WHAT THE TASK ASKS: Reproduce, exactly and in full, the lines from the one with "2026-03-10 15-43-06 (B,R2,S1)first-6.jpg" through the one with "sauvetage en cours, Lena, chienne" in the data below; drop pictures.

SOURCE INFORMATION:
——

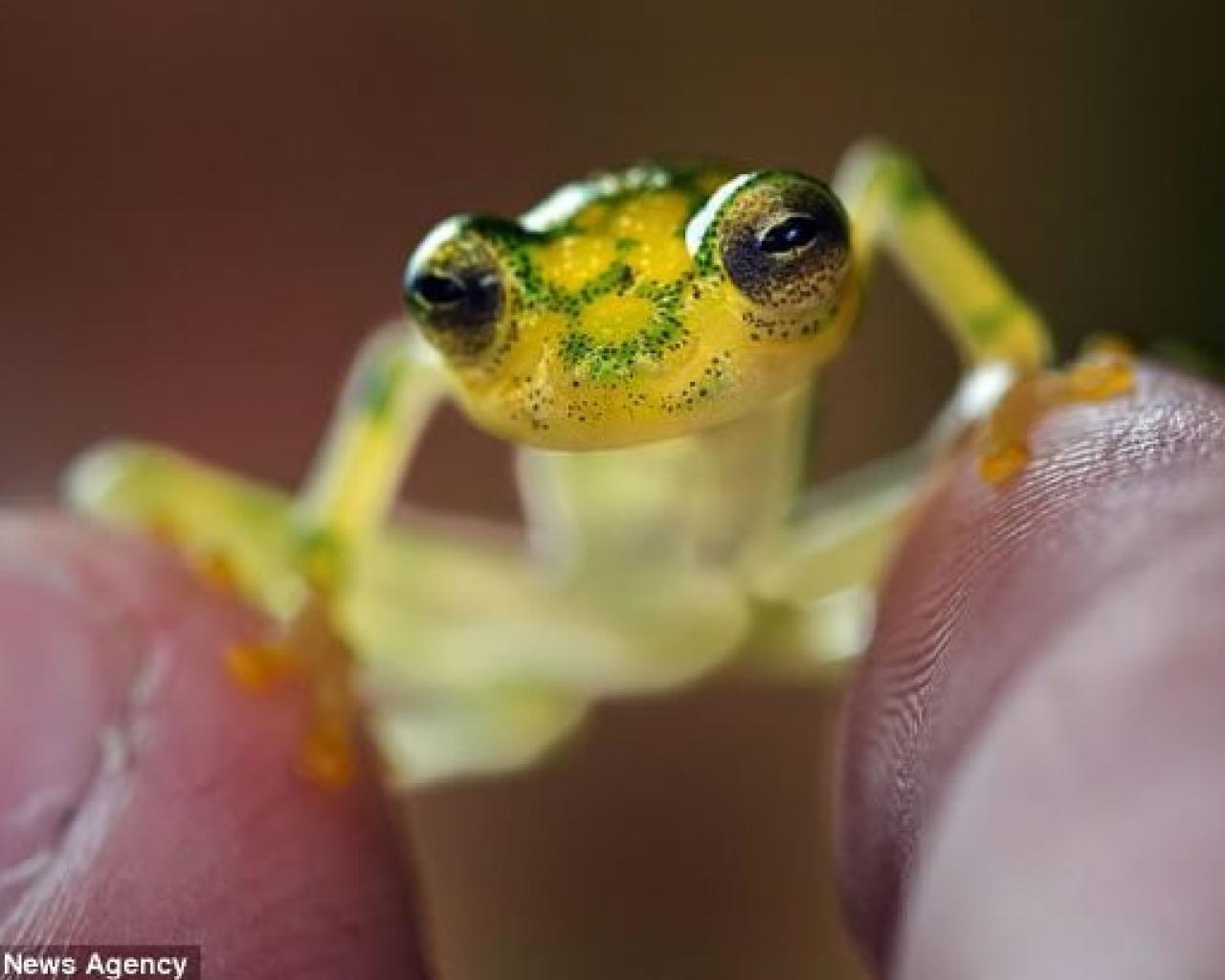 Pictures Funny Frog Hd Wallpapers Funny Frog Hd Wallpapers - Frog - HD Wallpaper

——

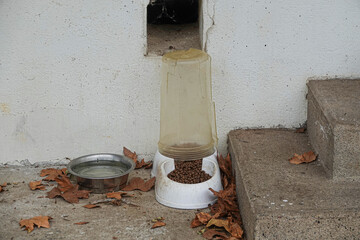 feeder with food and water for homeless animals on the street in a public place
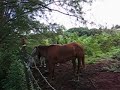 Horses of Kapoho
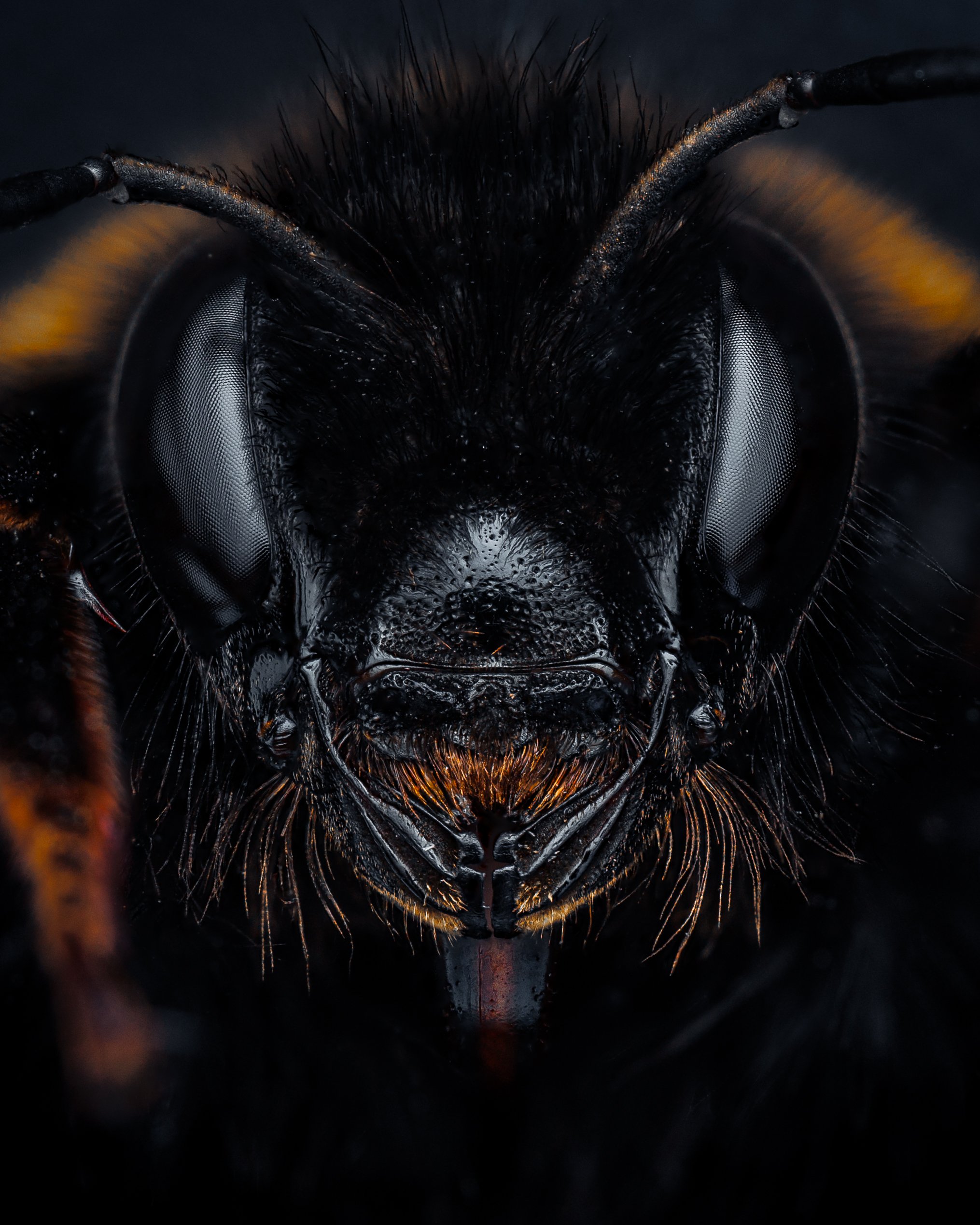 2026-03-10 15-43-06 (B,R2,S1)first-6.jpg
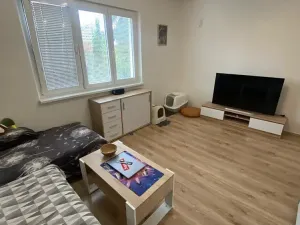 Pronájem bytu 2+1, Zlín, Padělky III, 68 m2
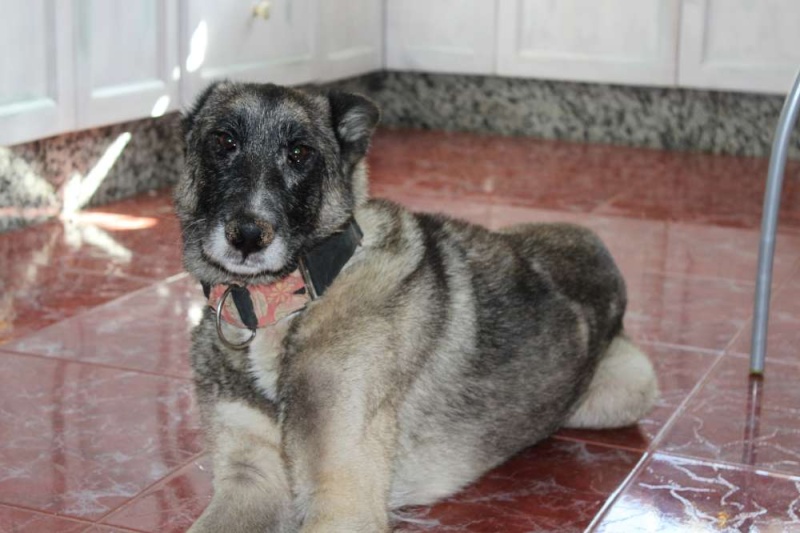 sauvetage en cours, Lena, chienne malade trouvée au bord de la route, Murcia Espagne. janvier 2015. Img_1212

——

PROBLEM SOLUTION:
 2026-03-10 15-43-06 (B,R2,S1)first-6.jpg
 Pronájem bytu 2+1, Zlín, Padělky III, 68 m2
 sauvetage en cours, Lena, chienne malade trouvée au bord de la route, Murcia Espagne. janvier 2015. Img_1212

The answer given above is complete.